Exercise requirements –
Retype the line with "T2 com Terraço e Garagem em Ericeira-17" exactly. Then retype every line after it through the end of the entries below, and nothing more, leaving out pictures.
Data for processing below:
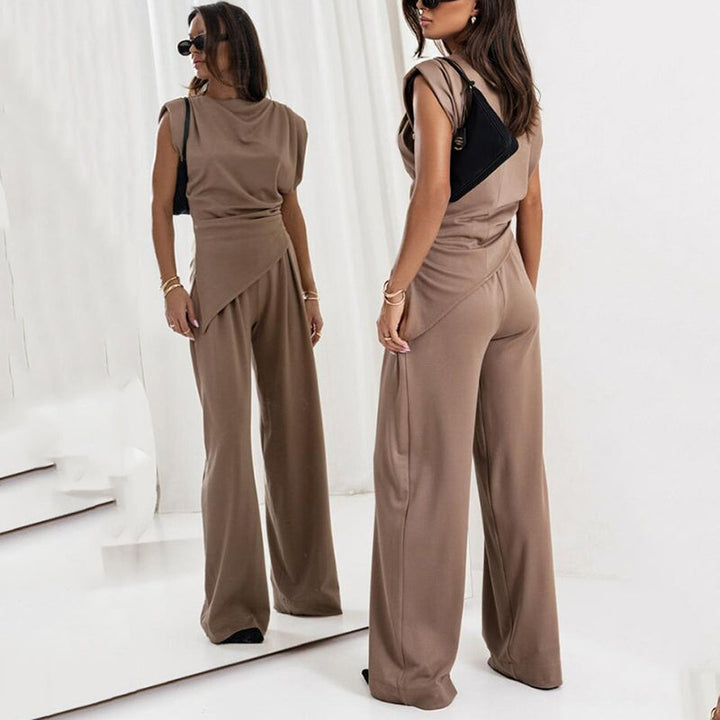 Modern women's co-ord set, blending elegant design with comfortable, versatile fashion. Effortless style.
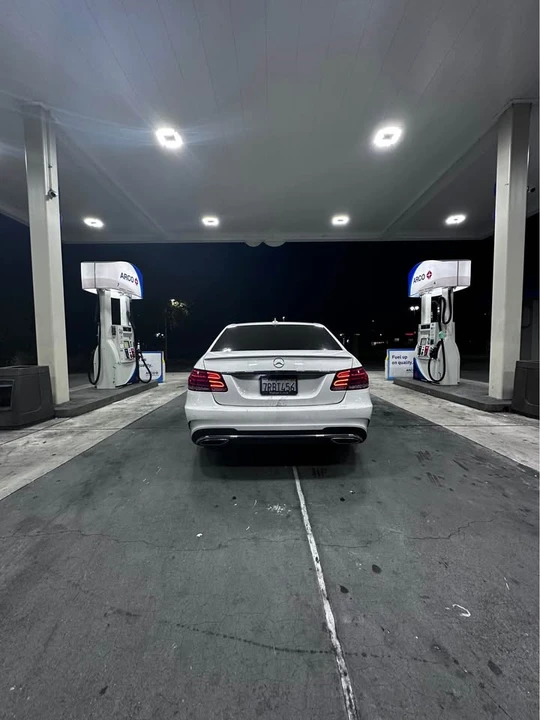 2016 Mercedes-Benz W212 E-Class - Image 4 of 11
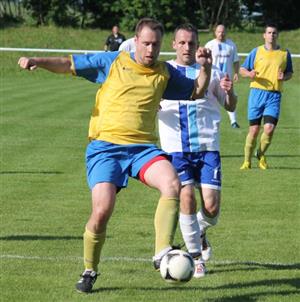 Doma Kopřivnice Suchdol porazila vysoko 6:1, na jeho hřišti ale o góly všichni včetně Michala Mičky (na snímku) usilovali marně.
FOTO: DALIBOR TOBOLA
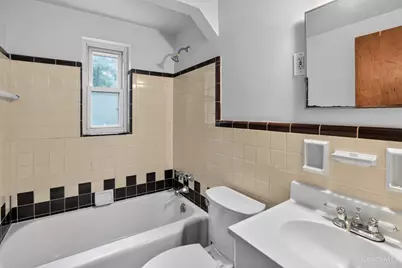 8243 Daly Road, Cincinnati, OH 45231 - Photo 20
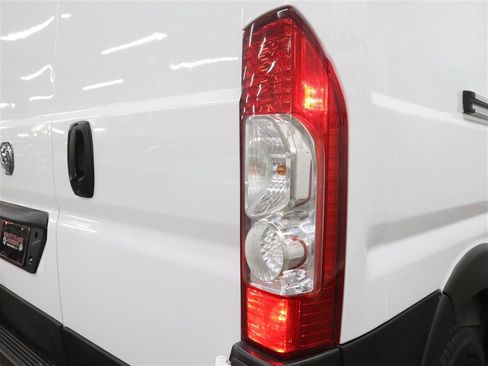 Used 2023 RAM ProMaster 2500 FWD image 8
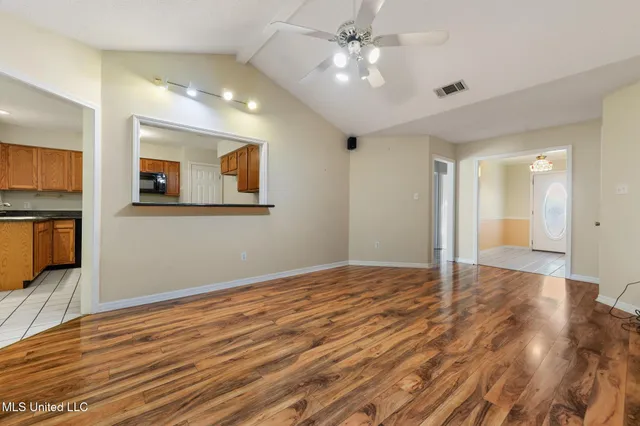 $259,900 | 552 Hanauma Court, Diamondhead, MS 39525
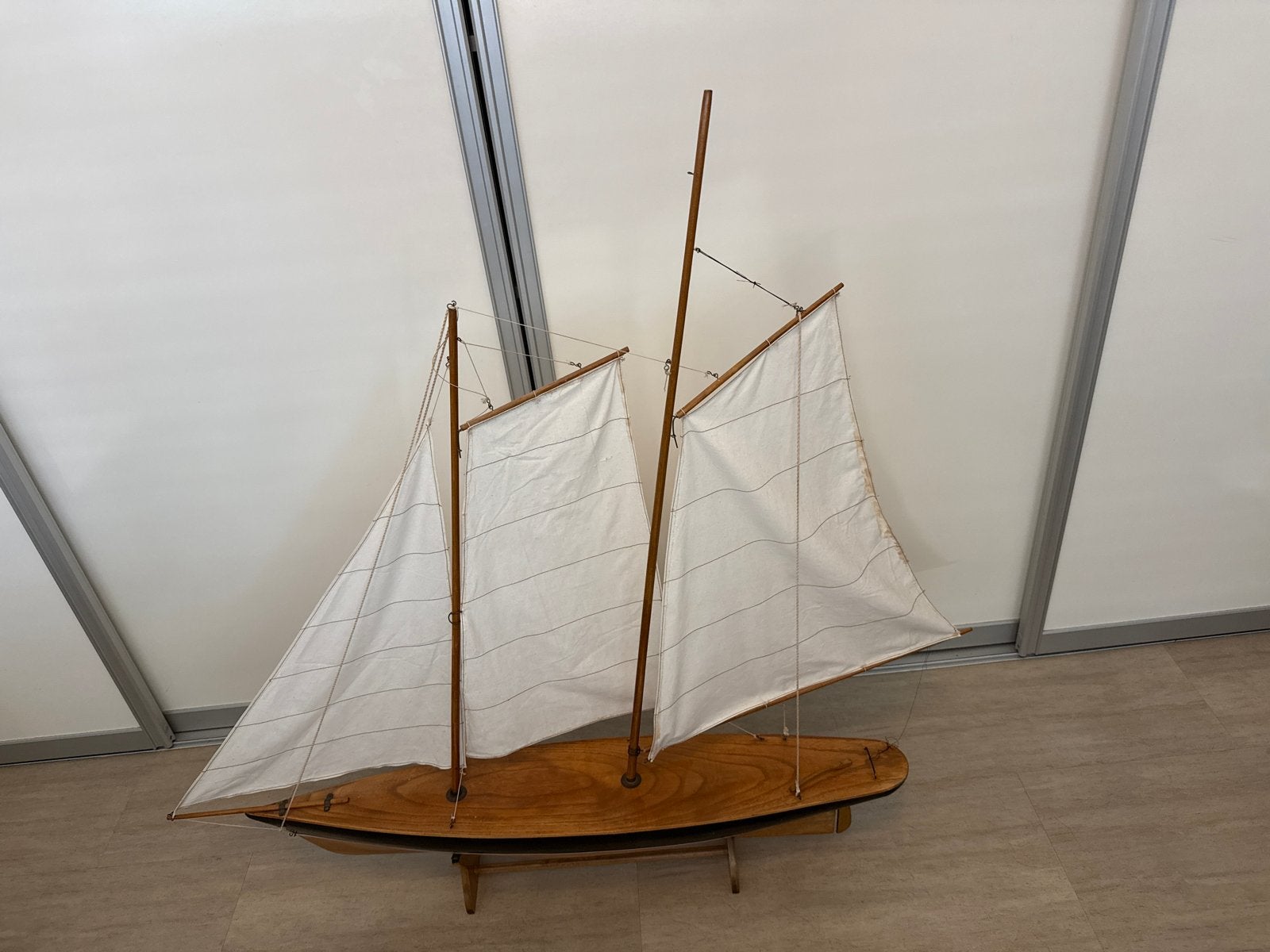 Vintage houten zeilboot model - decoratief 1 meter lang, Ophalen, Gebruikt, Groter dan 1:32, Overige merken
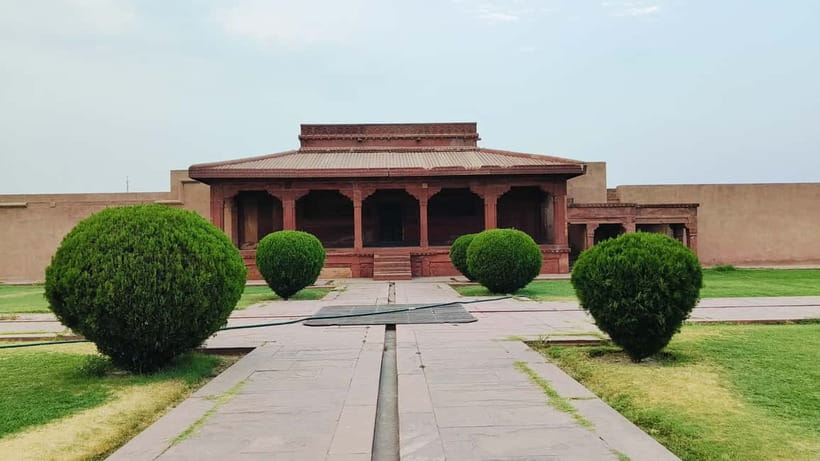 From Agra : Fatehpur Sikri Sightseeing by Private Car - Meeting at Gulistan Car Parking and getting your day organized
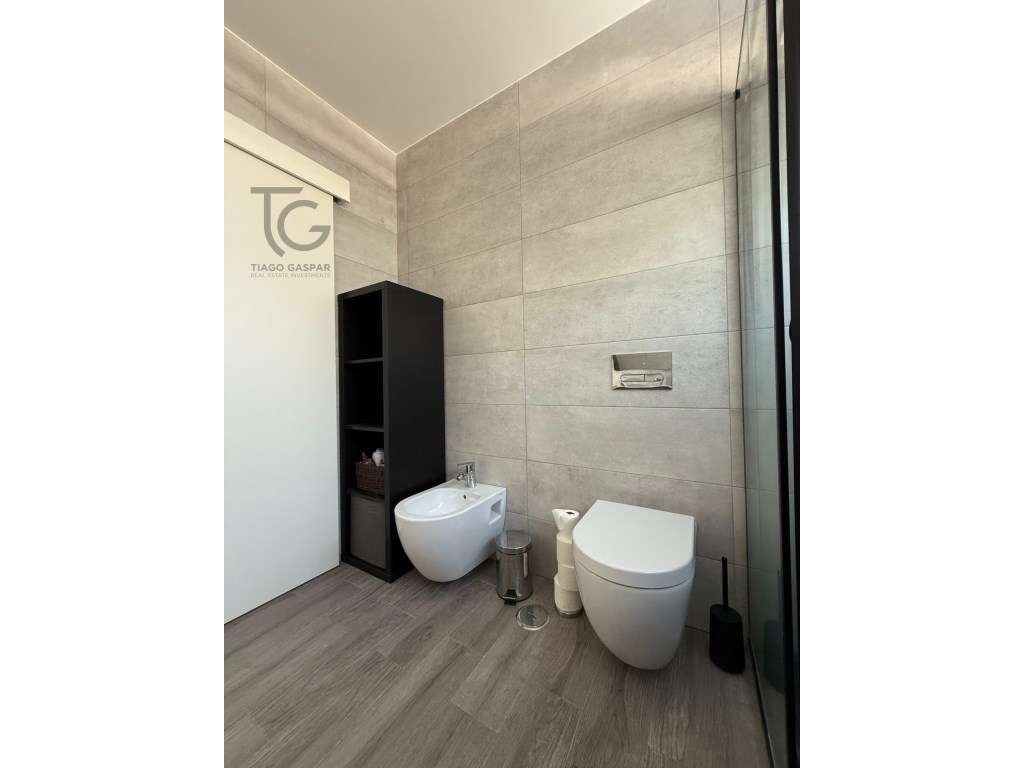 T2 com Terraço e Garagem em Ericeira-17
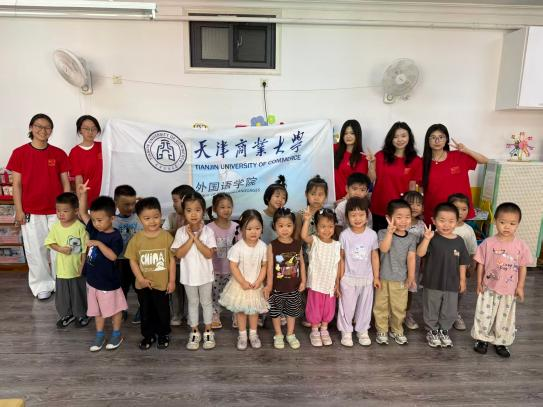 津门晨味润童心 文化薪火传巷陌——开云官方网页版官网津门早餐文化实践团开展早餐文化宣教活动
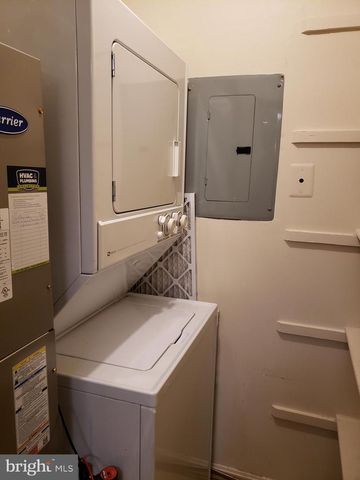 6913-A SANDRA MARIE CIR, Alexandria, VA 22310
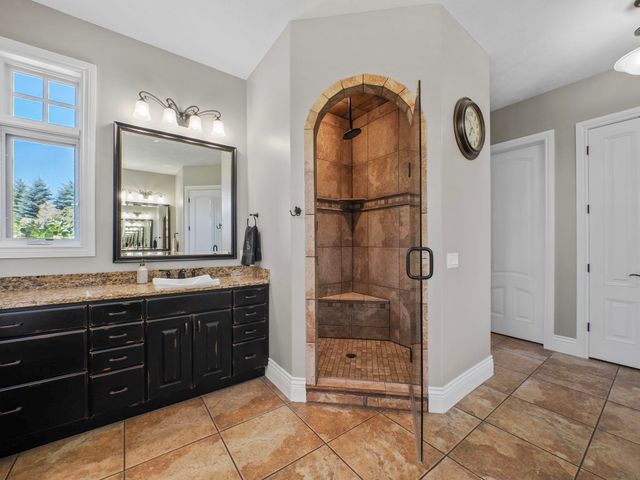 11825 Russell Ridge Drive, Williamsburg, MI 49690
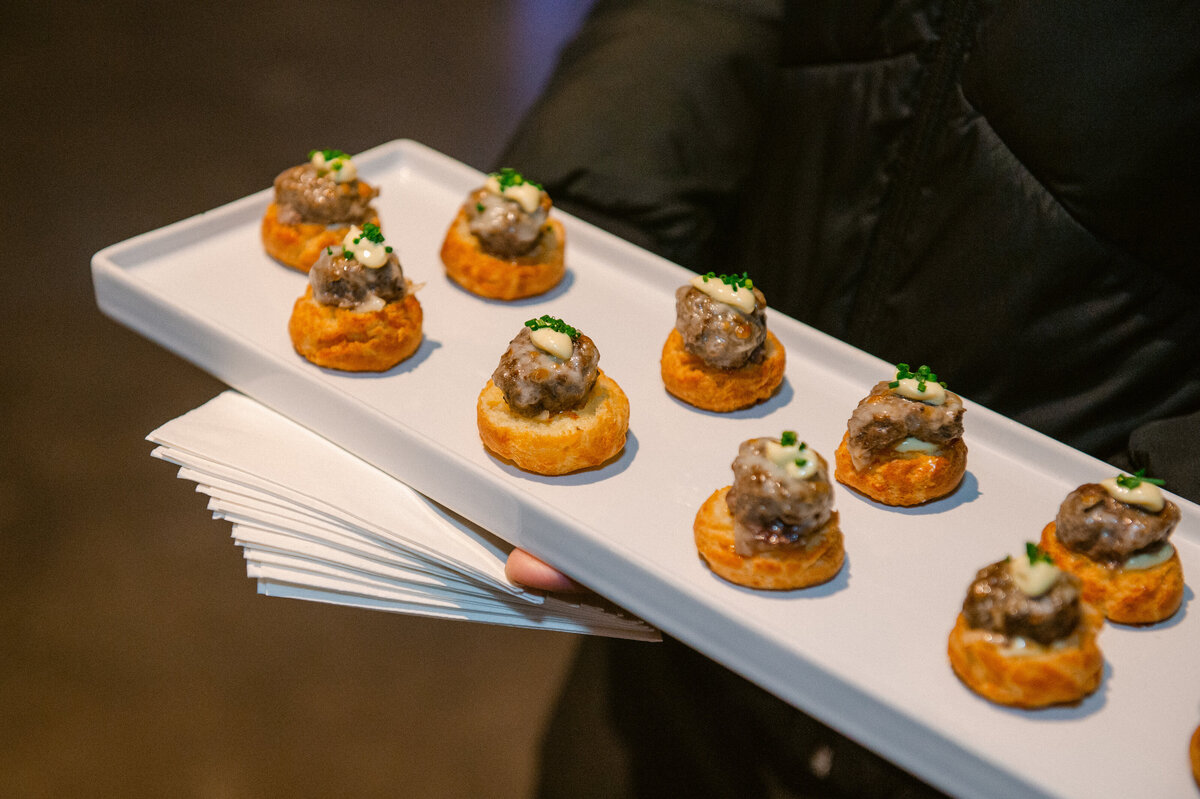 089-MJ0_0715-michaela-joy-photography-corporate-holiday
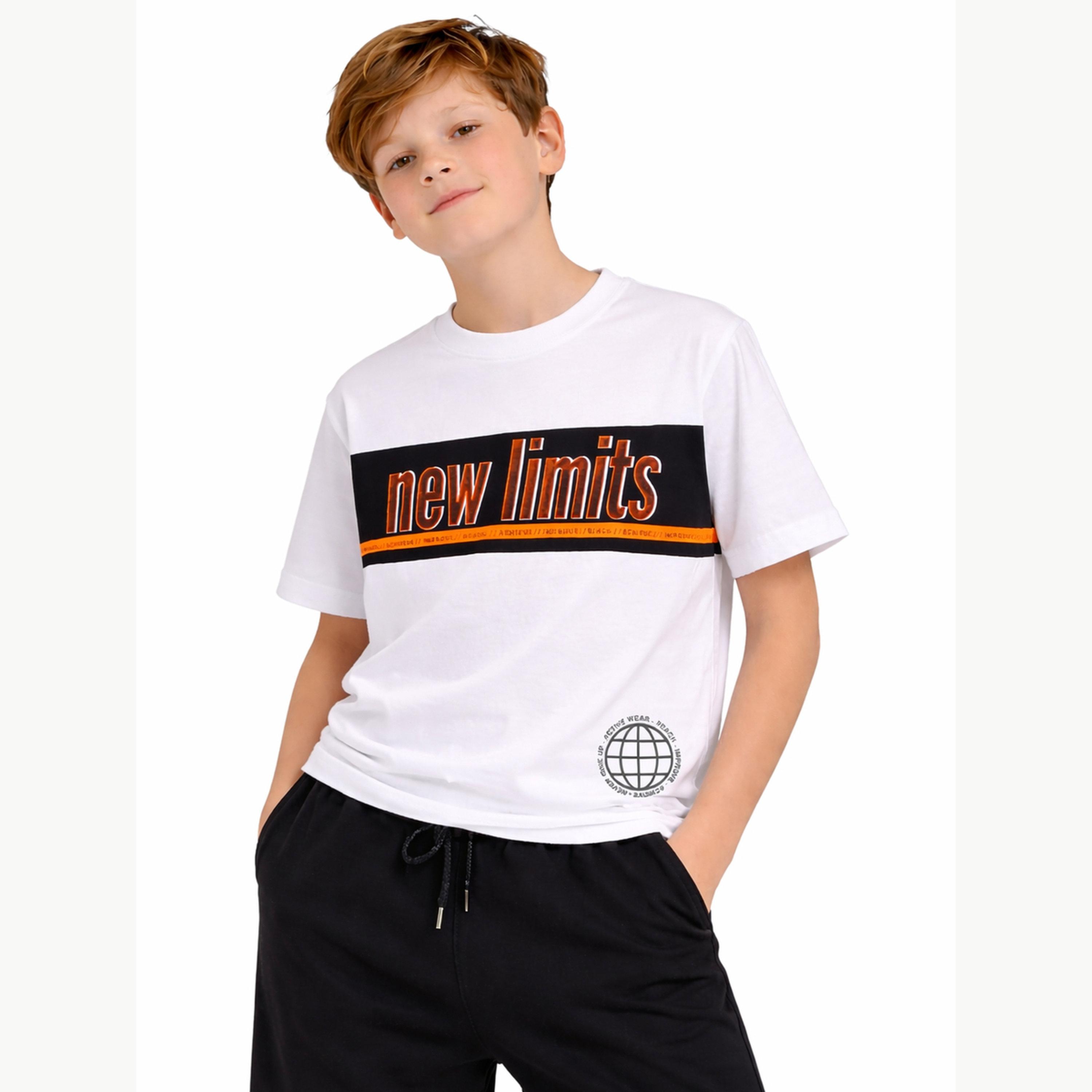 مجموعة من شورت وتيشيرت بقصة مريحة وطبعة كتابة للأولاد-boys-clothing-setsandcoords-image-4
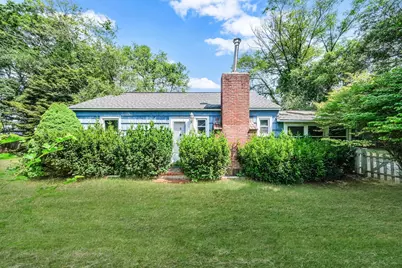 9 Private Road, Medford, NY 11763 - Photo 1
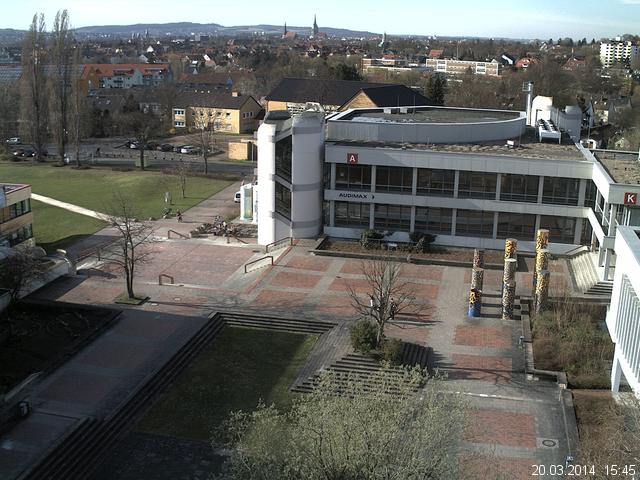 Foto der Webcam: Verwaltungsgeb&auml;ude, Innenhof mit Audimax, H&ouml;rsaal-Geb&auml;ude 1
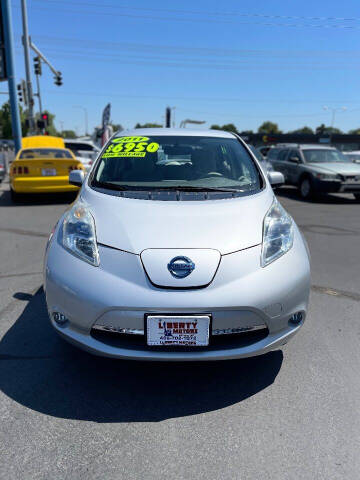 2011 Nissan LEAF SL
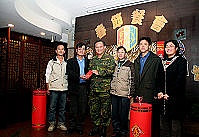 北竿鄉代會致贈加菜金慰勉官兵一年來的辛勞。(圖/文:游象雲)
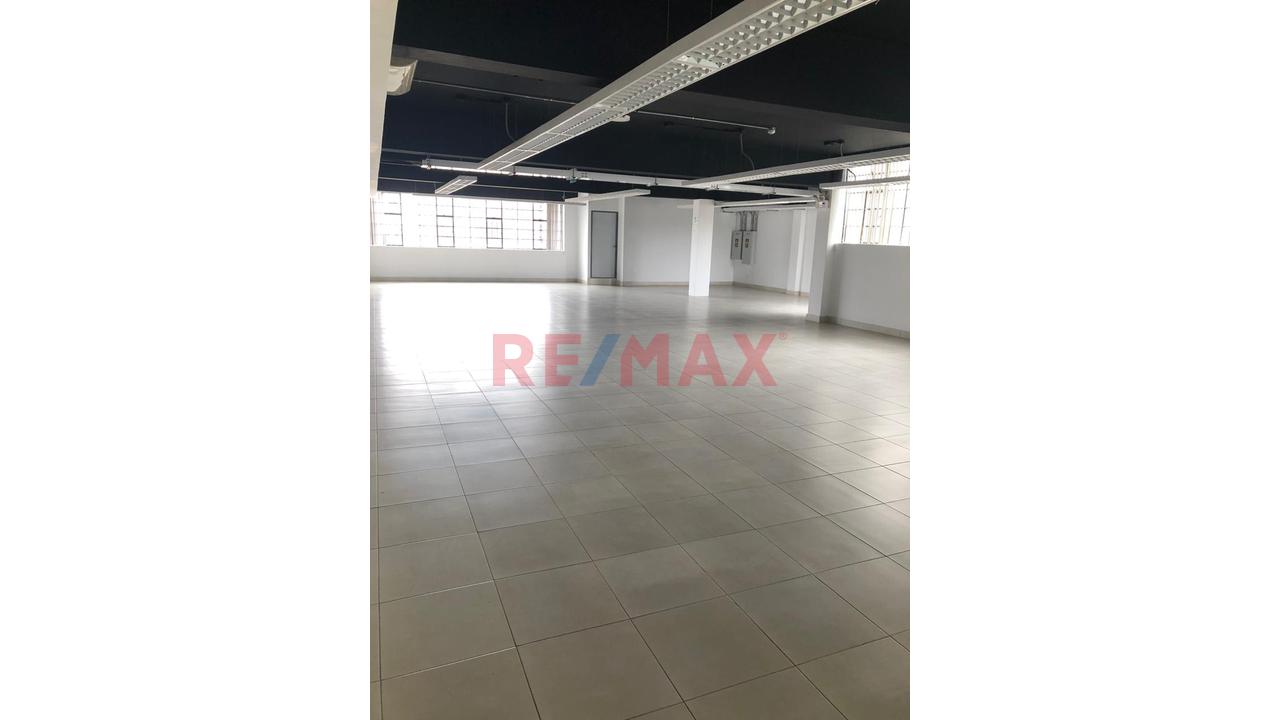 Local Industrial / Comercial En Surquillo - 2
End of Data for processing.
Result of the task –
 T2 com Terraço e Garagem em Ericeira-17
 津门晨味润童心 文化薪火传巷陌——开云官方网页版官网津门早餐文化实践团开展早餐文化宣教活动
 6913-A SANDRA MARIE CIR, Alexandria, VA 22310
 11825 Russell Ridge Drive, Williamsburg, MI 49690
 089-MJ0_0715-michaela-joy-photography-corporate-holiday
 مجموعة من شورت وتيشيرت بقصة مريحة وطبعة كتابة للأولاد-boys-clothing-setsandcoords-image-4
 9 Private Road, Medford, NY 11763 - Photo 1
 Foto der Webcam: Verwaltungsgeb&auml;ude, Innenhof mit Audimax, H&ouml;rsaal-Geb&auml;ude 1
 2011 Nissan LEAF SL
 北竿鄉代會致贈加菜金慰勉官兵一年來的辛勞。(圖/文:游象雲)
 Local Industrial / Comercial En Surquillo - 2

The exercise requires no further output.